I think it’s a combination. But whatever the reason, I become frustrated when I read or hear anything about spreading the gospel in the hope of converting others. For example, Canadian Mennonite columnist Phil Wagler’s piece, “Jesus in a world in upheaval,” Oct. 12, page 8—in which he encourages the church to see the Syrian refugee crisis as an opportunity to “look at the fields” (quoting John 4:35)—is hard for me to digest.

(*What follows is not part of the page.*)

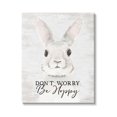 thumbnail image 1 of Stupell Industries Don't Worry Be Hoppy Easter Bunny Rabbit Pun,30 x 40, Design by Lettered and Lined, 1 of 5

I am not interested in converting anyone to Christianity. The time for “harvesting” is over. It’s now time for listening, and for helping with open hands and closed mouths. Hearing survivor testimonies at the Truth and Reconciliation Commission event in Vancouver and reading the indigenous-settler dialogue in Buffalo Shout, Salmon Cry (Herald Press, 2013) played a major part in this shift for me. It’s become clear to me that what I “need to do” as a Christian is to listen and love without an agenda.

This makes it interesting as I watch my four-year-old attend Sunday school and learn the Bible stories that I did as a kid. I’m hoping he draws hope and inspiration from them and experiences some sense of wonder when he hears what God’s all about.

But I don’t want him to grow up thinking he needs to tell other people about Christ. I want him to see Christ in the people that he meets in his daily life, no matter what race, religion or economic status, and welcome them. I want him to hear about displaced people, like the Syrian refugees, and think, how can I help, not, “Oh, these people are ready to become Christians because they’re in such great need.” I want him to recognize the religion and culture that people already have, and not assume that his trumps theirs.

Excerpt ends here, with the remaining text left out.